▶ [INSTRUCTIONS TO FOLLOW]: Without including any images, output the listing below exactly.

▶ [DATA SEGMENT]:
###
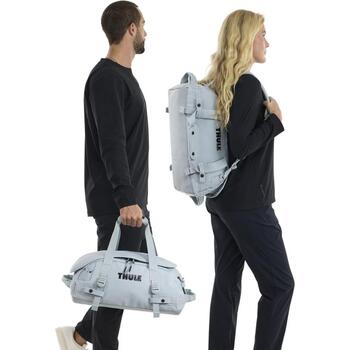 Thule Спортивная сумка МОДЕЛЬ 3205442, 30L, 1.2кг, полиэстер, ламинированный, мягкий синий, 2-в-1 дизайн, устойчивый к погоде (3205442)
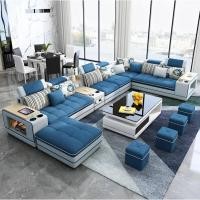 ราคา โซฟาชุดใหญ่ โซฟาโมเดิร์น มีไลฟ์สไตล์ (19361665457)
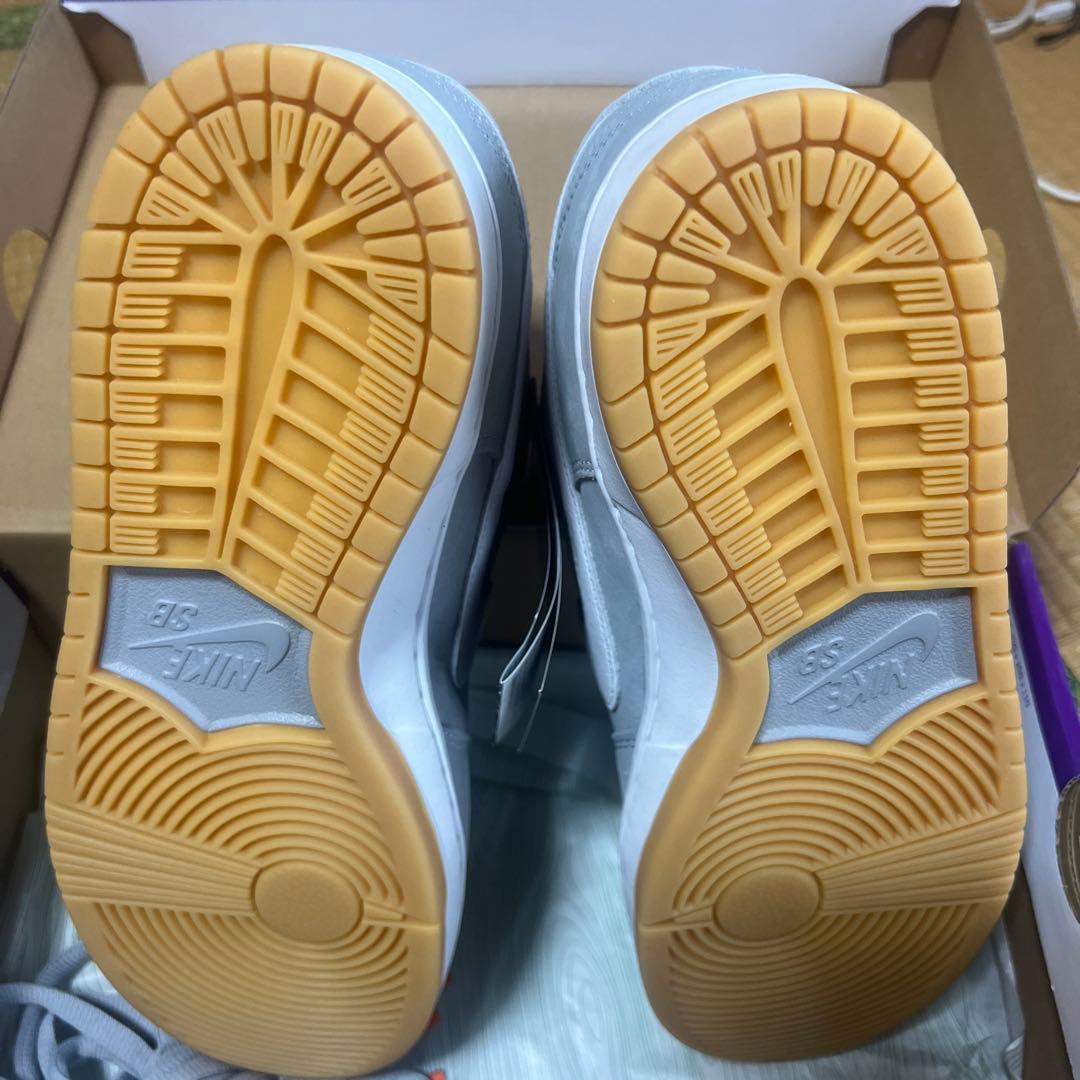 スケートボード NIKE SB DUNK LOW PRO ISO 8.5(26.5cm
###
▶ [YOUR SOLUTION]:
 Thule Спортивная сумка МОДЕЛЬ 3205442, 30L, 1.2кг, полиэстер, ламинированный, мягкий синий, 2-в-1 дизайн, устойчивый к погоде (3205442)
 ราคา โซฟาชุดใหญ่ โซฟาโมเดิร์น มีไลฟ์สไตล์ (19361665457)
 スケートボード NIKE SB DUNK LOW PRO ISO 8.5(26.5cm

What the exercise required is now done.